Rivera’s political life is of almost as much interest as his artwork. He was a lifelong radical atheist and revolutionary Marxist, and this brought him much difficulty. In February, 1929, when Stalin gained the upper hand in the struggle against Trotsky, he banished him from Soviet territory. Rivera was a supporter of Trotsky. Trotsky went from Turkey to France to Norway, but Soviet pressure pushed him from each place. At Rivera’s request, President Lázaro Cárdenas agreed to give Trotsky asylum. He moved into Rivera’s home, the Blue House in January of 1937 and lived with him for the next two years.[15] In February 1938 Rivera met André Breton, a French Surrealist poet. Together, they printed a call to create a federation to resist Stalinist cultural domination in the arts in the Partisan Review, a left-wing anti-Stalinist New York literary magazine.

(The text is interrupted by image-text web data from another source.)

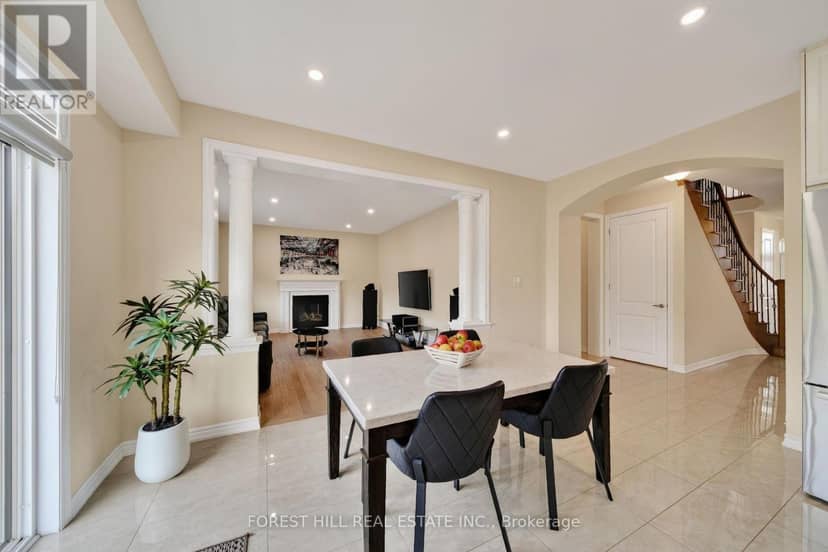 37 Rugman Crescent — photo 12 of 40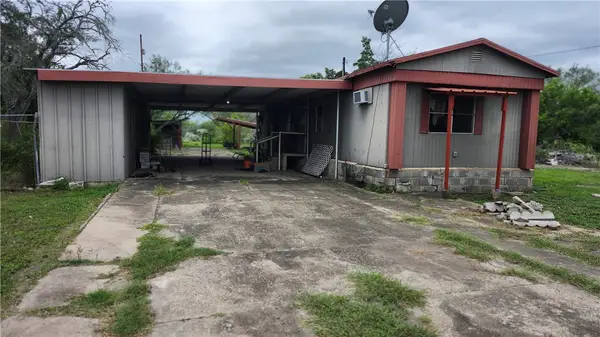 114 County Road 3034, Orange Grove, TX 78372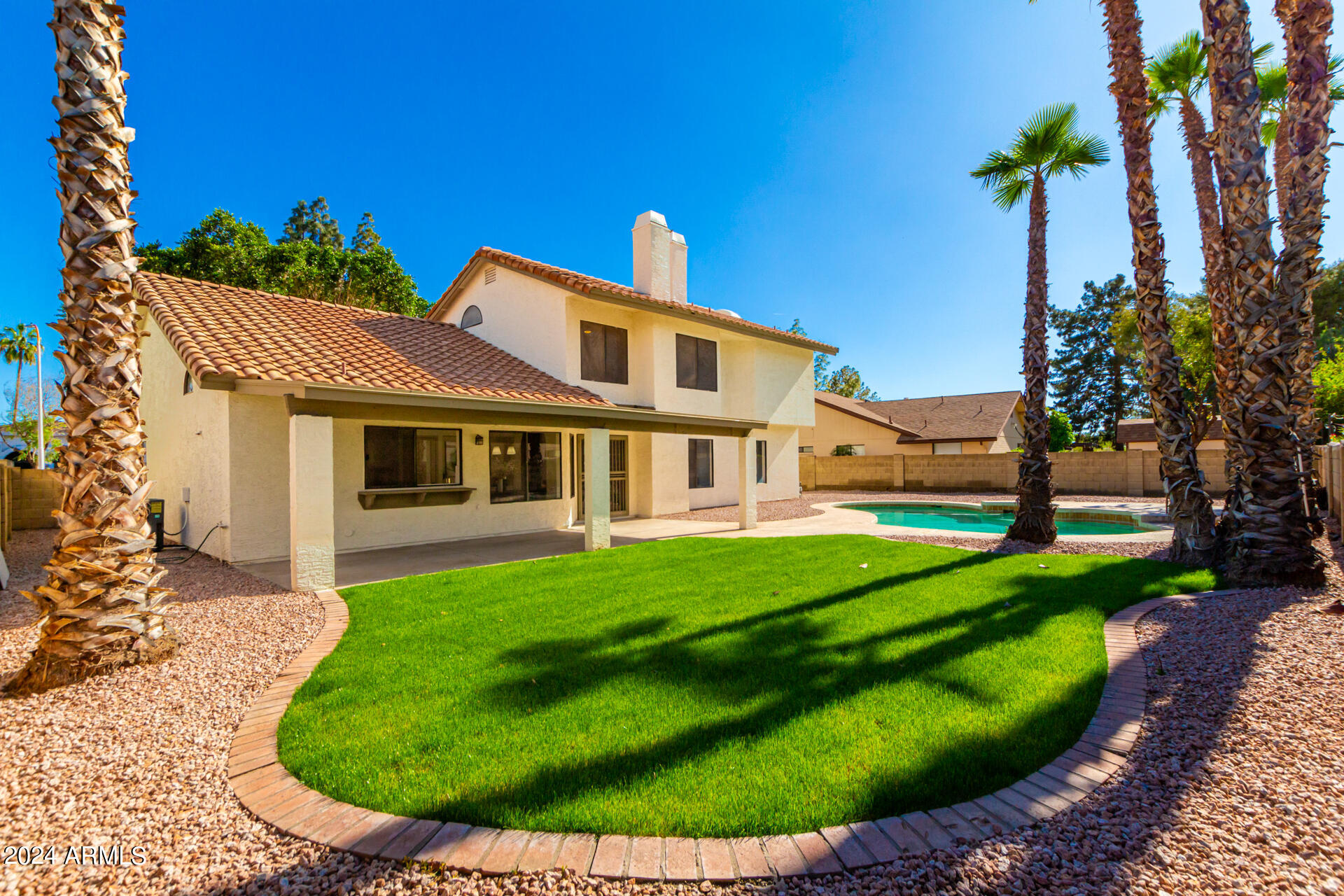 1854 E GREENTREE Drive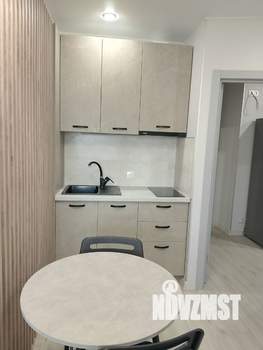 Студия квартира, вторичка, 36м2, 11/25 этаж
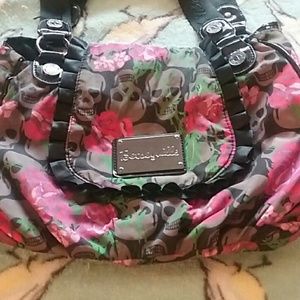 Betseyville skull and rose purse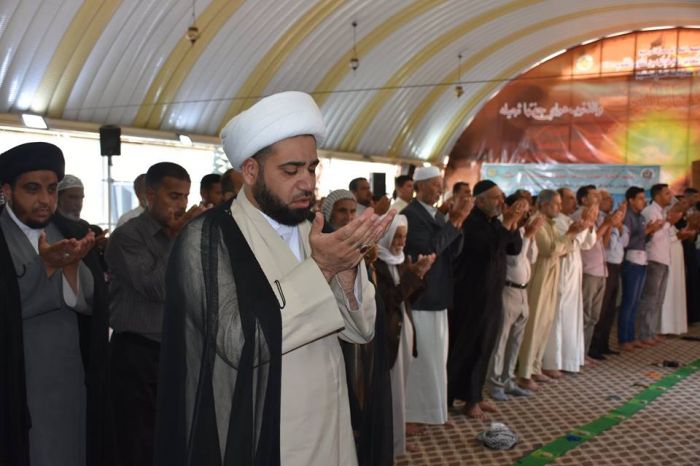 خدام المواكب الحسينية ينالون شرف الخدمة في مرقد العلوية شريفة بنت الحسن (ع)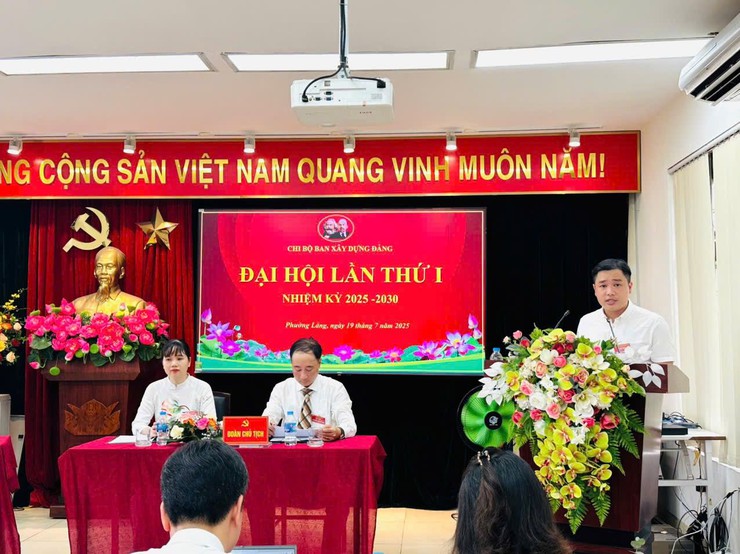 ĐẠI HỘI CHI BỘ BAN XÂY DỰNG ĐẢNG PHƯỜNG LÁNG LẦN THỨ I, NHIỆM KỲ 2025–2030- Ảnh 5.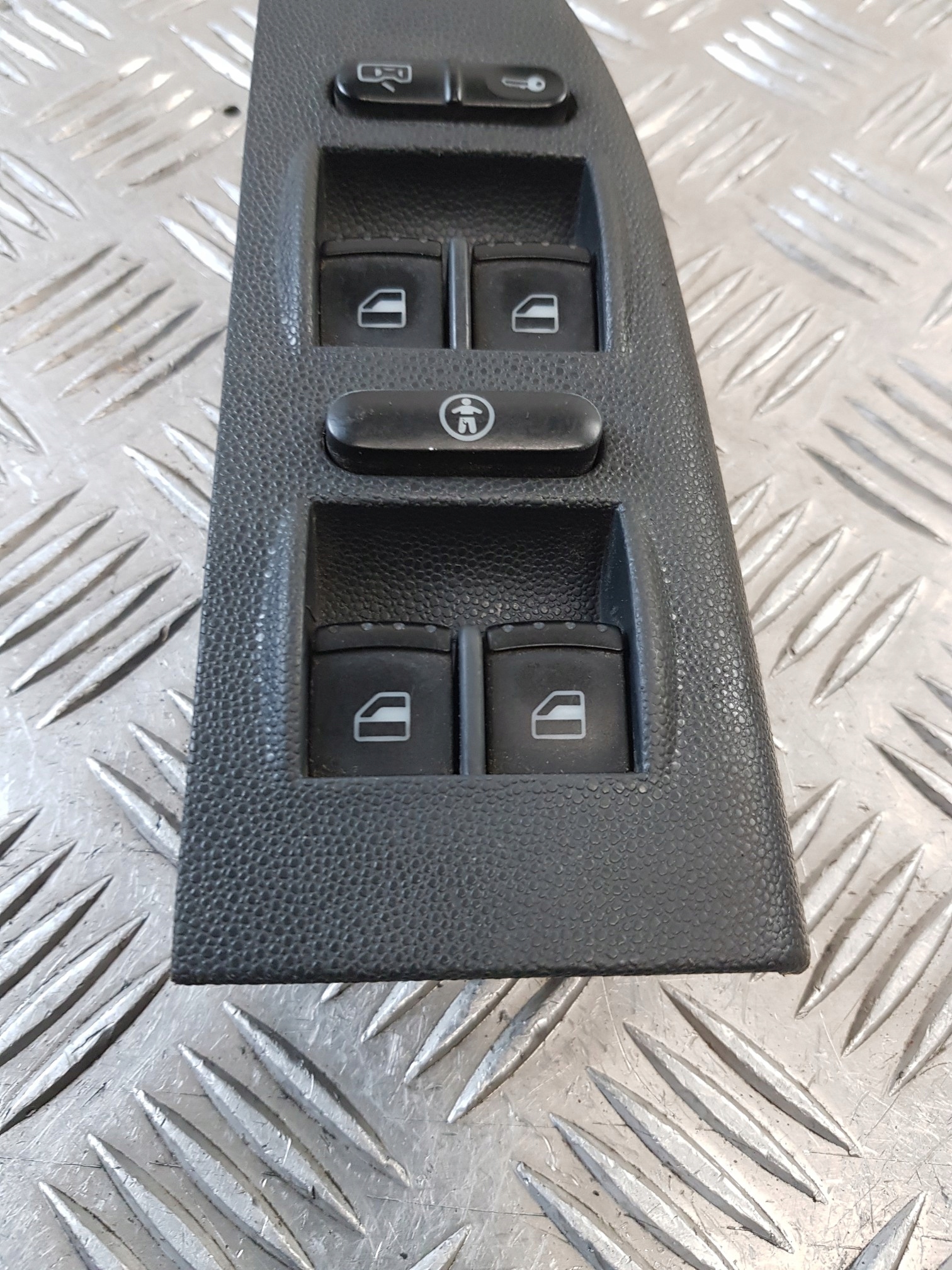 switch window control switch 1J4959857A SKODA FABIA and 02R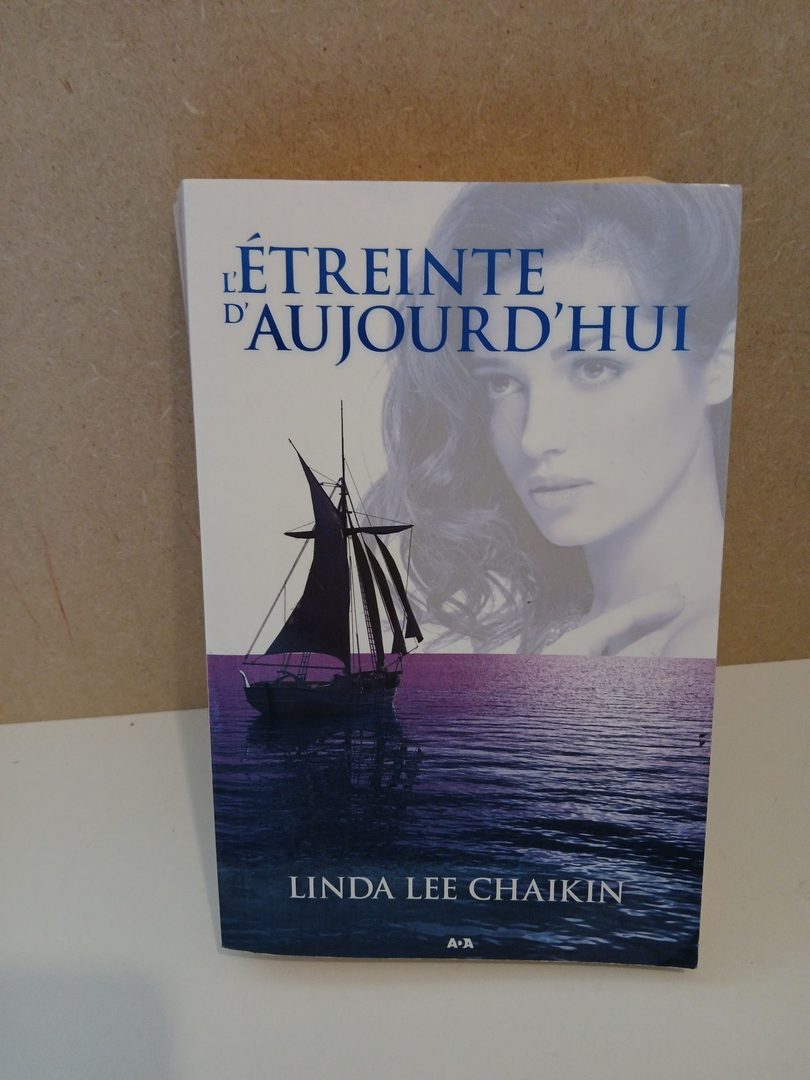 A L'est Du Soleil - 3 - L'étreinte D'aujourd'hui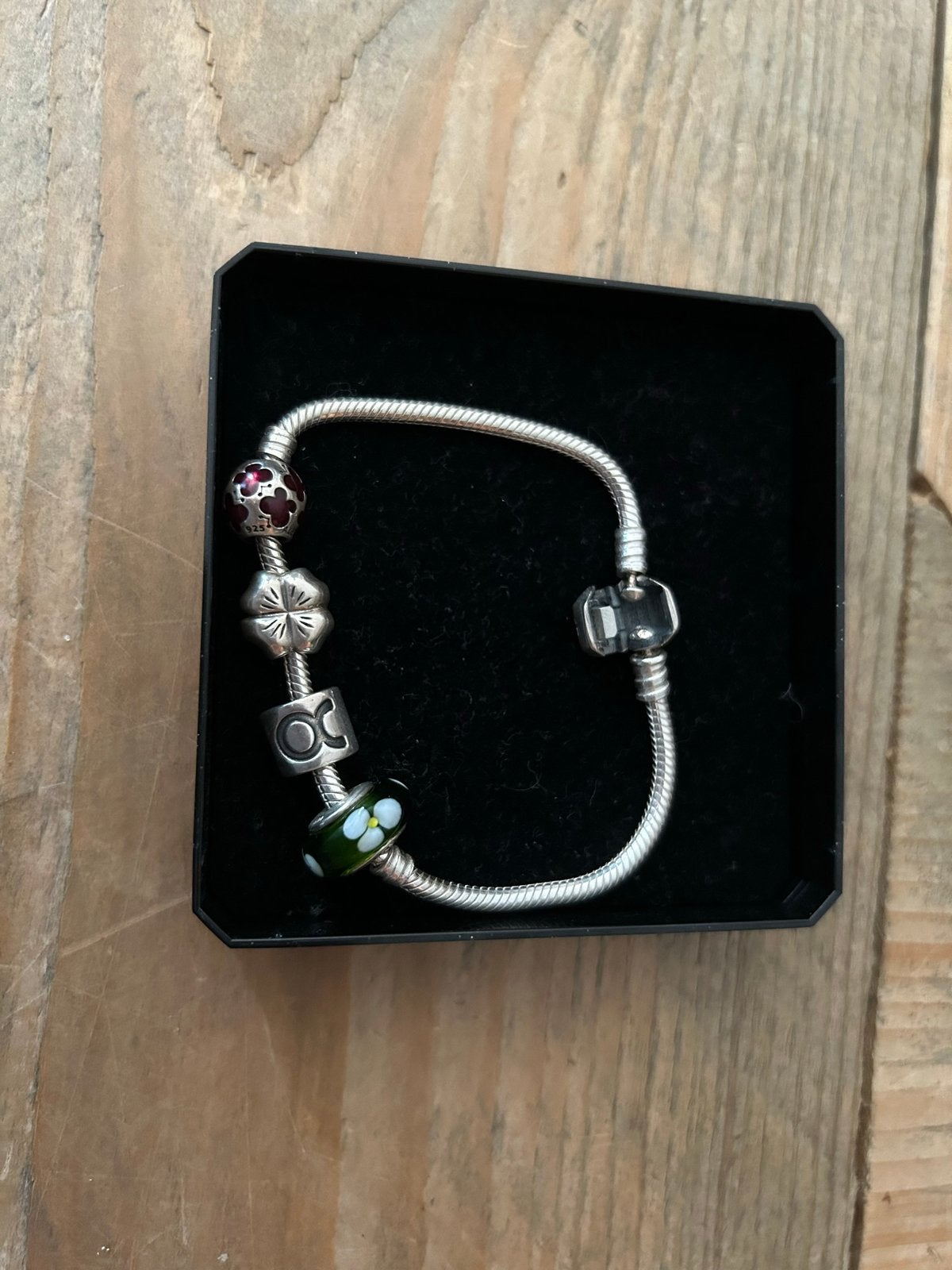 Armband van Pandora met 4 bedels, Ophalen, Zo goed als nieuw, Zilver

Then, Rivera and Trotsky had a falling out in 1940. Much of President Cárdenas’s following were strongly Stalinists and Rivera attacked him, saying he was “an accomplice of the Stalinists”, and decided to support a very right wing candidate who was backed by Mexico’s neo-Nazi movement. Trotsky and Rivera parted ways over politics, with Trotsky describing Rivera as “a genius whose political blunderings could cast no shadow either on his art or on his personal integrity.” After Trotsky was assassinated in 1940, Rivera reverted back to Stalinism.[16]

            Rivera continued his involvement with the Mexican Communist Party and was often at the forefront of subversive action. In 1947, Rivera shook up the religious community when he included the phrase “God does not exist!” in one of his murals. A group of students burst into the Del Prado hotel, where the mural hung, to carve out “does not exist!” In response, Rivera led a group of one hundred left-wing artists and intellectuals into the hotel. Amid shouts of “Death to imperialism!,” the words were carved back in.[17]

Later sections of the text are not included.